Department or Program


Primary Wellesley Thesis Advisor

Professor Qing Wang


Classification is the task of predicting the label(s) of future instances by learning and inferring from the patterns of instances with known labels. Traditional classification methods focus on single-label classification; however, many real-life problems require multi-label classification that classifies each instance into multiple categories. For example, in sentiment analysis, a person may feel multiple emotions at the same time; in bioinformatics, a gene or protein may have a number of functional expressions; in text categorization, an email, medical record, or social media posting can be identified by various tags simultaneously. As a result of such wide a range of applications, in recent years, multi-label classification has become an emerging research area.

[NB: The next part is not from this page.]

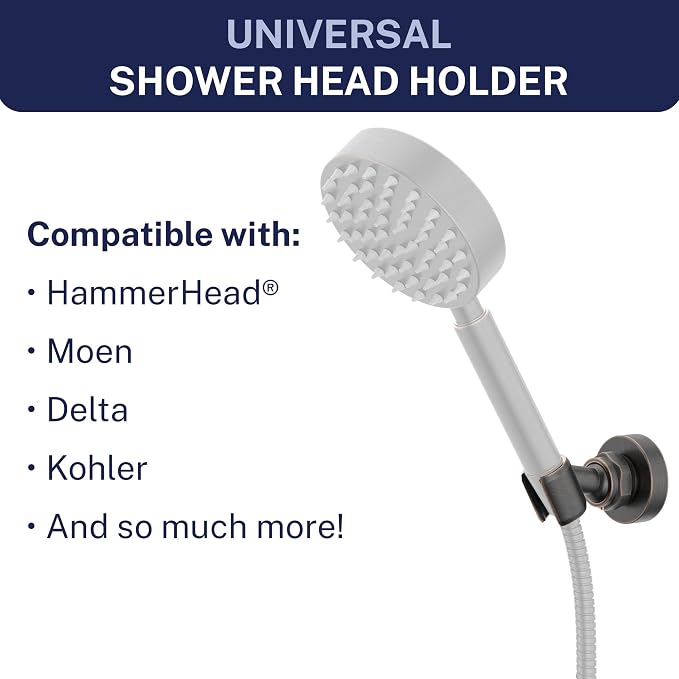 HammerHead Showers Solid Metal Handheld Showerhead Holder Wall Mount, Adjustable Screw-Mounted Pivot Ball, Shower Hose Holder, Fits Most Handheld Showerheads, Oil Rubbed Bronze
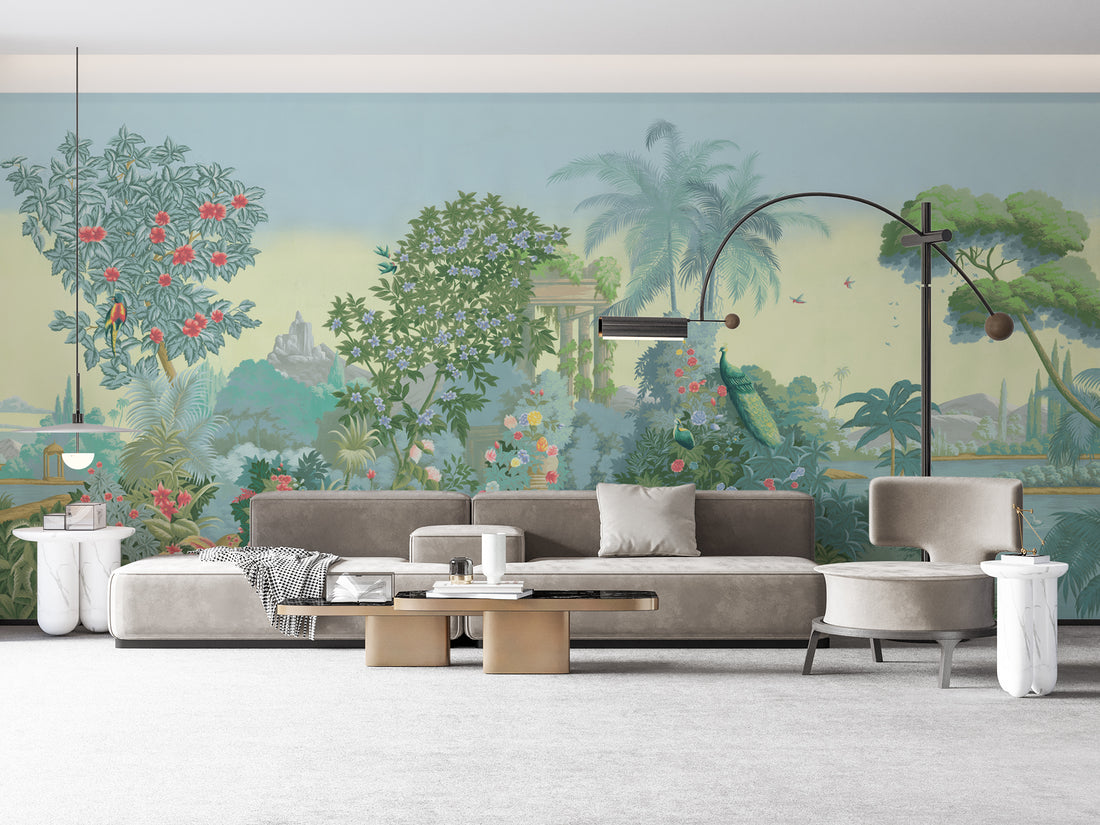 Lush Garden Peel and Stick Wallpaper, Tropical Botanical Wall Decor, Serene Floral Peel and Stick Wallpaper, Living Room Decor Ideas, Modern Farmhouse Decor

There are two general approaches to realize multi-label classification: problem transformation and algorithm adaption. The problem transformation methodology, at its core, converts a multi-label dataset into several single-label datasets, thereby allowing the transformed datasets to be modeled using existing binary or multi-class classification methods. On the other hand, the algorithm adaption methodology transforms single-label classification algorithms in order to be applied to original multi-label datasets.

This thesis proposes a new method, called Multi-Label Super Leaner (MLSL), which is a stacking-based heterogeneous ensemble method. An improved multi-label classification algorithm following the problem transformation approach, MLSL combines the prediction power of several multi-label classification methods through an ensemble algorithm, super learner. The performance of this new method is compared to existing problem transformation algorithms, and our numerical results show that MLSL outperforms existing algorithms for almost all of the performance metrics.